On September 25, the Central States Pension Fund (one of the largest multiemployer/union pension funds in the country) submitted to the U.S. Department of Treasury a proposed “rescue plan,” which would allow the fund to reduce participant benefits in order to stave off the fund’s potential insolvency. As discussed in our prior alert, the Multiemployer Pension Reform Act of 2014 (MPRA) permits deeply troubled multiemployer pension plans to voluntarily reduce benefits in order to avoid insolvency. To implement a benefit reduction, a multiemployer fund must first submit its proposed rescue plan to the U.S. Department of Treasury for approval.
Rescue Plan Provisions
Central States has made available a summary of its proposed rescue plan. The following key provisions would apply if the rescue plan is implemented:
- Benefit Reductions. Benefits will generally be reduced based on each participant’s age, years of service, employer contributions, and disability status.

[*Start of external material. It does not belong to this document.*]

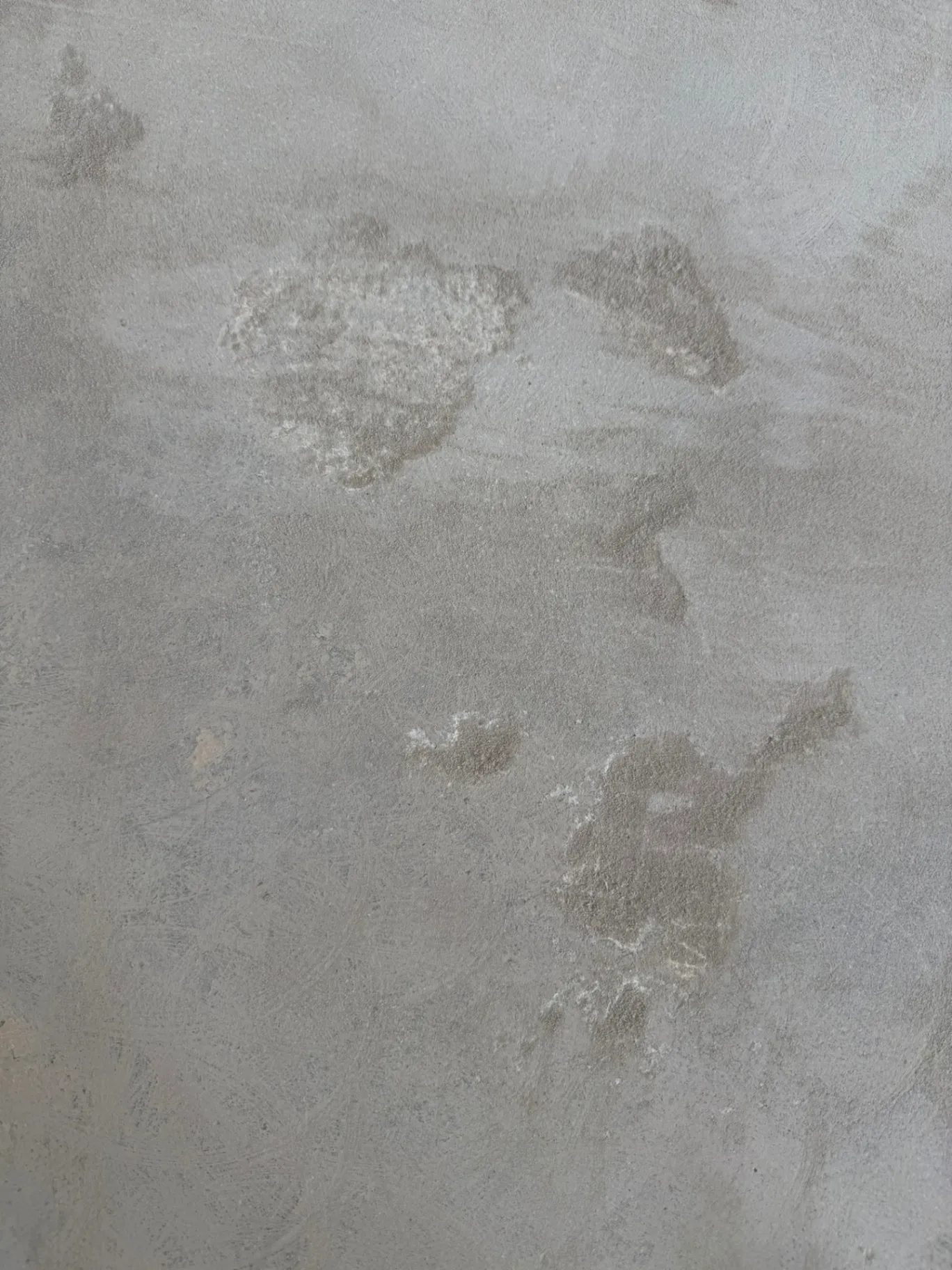 Gallery image 44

- Future Accruals. Benefit reductions will apply to benefits earned up to the date the rescue plan is implemented. Active participants will be able to earn future pension credits, but they will earn 0.75% of contributions instead of the 1% they are currently earning.
- Re-employment Guidelines. Central States will remove re-employment restrictions for participants whose benefits are reduced if they retired on or before October 1, 2015 and will relax restrictions for participants who retire after October 1, 2015. These rule changes are meant to allow these participants to return to work while continuing to receive a pension.

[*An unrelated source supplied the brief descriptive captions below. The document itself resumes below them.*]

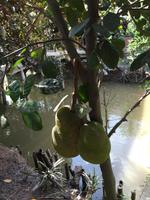 Mekong zum Genießen &ndash; &copy; Peter Wagner (Eberhardt TRAVEL)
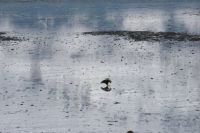 Wet bald eagle in Alaska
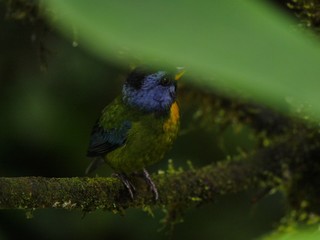 Obraz premium Subtropical rain forest in Ecuador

- Early Retirement Phase Out. The age that participants can retire without early retirement reductions will increase from age 62 to age 65 between 2021 and 2025.

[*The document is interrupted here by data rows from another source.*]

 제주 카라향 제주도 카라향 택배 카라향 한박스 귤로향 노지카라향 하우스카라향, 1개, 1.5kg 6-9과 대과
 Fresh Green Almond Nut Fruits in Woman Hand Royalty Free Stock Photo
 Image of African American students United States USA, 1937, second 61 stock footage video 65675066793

- Terminated Participants. Terminated participants (those who are not retired but do not work for a contributing employer) will be subject to higher benefit reductions than retirees and active participants, unless they have 20 or more years of service credit.
- "Orphan” Participants. As required by MPRA, participants and their beneficiaries whose employers withdrew from the plan but failed to pay their full withdrawal liability assessment (so-called “orphan” participants) will have their benefits reduced to 110% of the amount that the Pension Benefit Guaranty Corporation (PBGC) guarantees in the event of plan insolvency.
- Age and Disability Protections. MPRA does not permit benefit reductions for participants who are age 80 or older and partially protects the benefits of participants between ages 75 and 80. As a result, Central States will not reduce the benefits of participants over age 80. Benefit reductions for participants in the 75-80 age range will be limited to 50% of what the reduction would have been absent the age protections, calculated using a sliding scale. Participants receiving a disability benefit from the fund are protected from reductions, which is also a requirement of MPRA.
In 2007, United Parcel Service Inc. (UPS) withdrew from the Central States Pension Fund and paid its withdrawal liability in a negotiated lump sum totaling $6.1 billion. In a subsequent collective bargaining agreement, UPS agreed to make up for any benefit reductions that were later applied to Central States participants who were active or terminated UPS employees as of December 29, 2007. For this group of UPS participants, there will effectively be no net loss in benefits because UPS will be covering any reductions. The UPS group makes up approximately 12% of the total fund participants.
The U.S. Department of Treasury has up to 225 days to review the proposed rescue plan. If the agency approves the plan, participants will have the opportunity to vote on the plan. Even if participants vote down the Central States rescue plan, however, the U.S. Department of Treasury can override the votes and order the plan to be implemented. If approved, the rescue plan will be implemented in July of 2016.
Although controversial to many, Central States’ rescue plan appears to be the only viable option currently available to avoid the fund’s insolvency or larger pension reductions in the future. The insolvency of the Central States fund would effectively bankrupt the PBGC’s multiemployer plan insurance program, which would, in turn, result in the fund’s own participants receiving no benefits at some point. It would also have an enormous ripple effect on other (solvent) multiemployer funds that are covered by the PBGC, as well as participants and beneficiaries of insolvent multiemployer funds who rely on the PBGC for their pension payments. In sum, the rescue plan appears to be the best available option for the Central States fund, the PBGC, and the many other multiemployer pension funds and participants who rely on the PBGC’s coverage.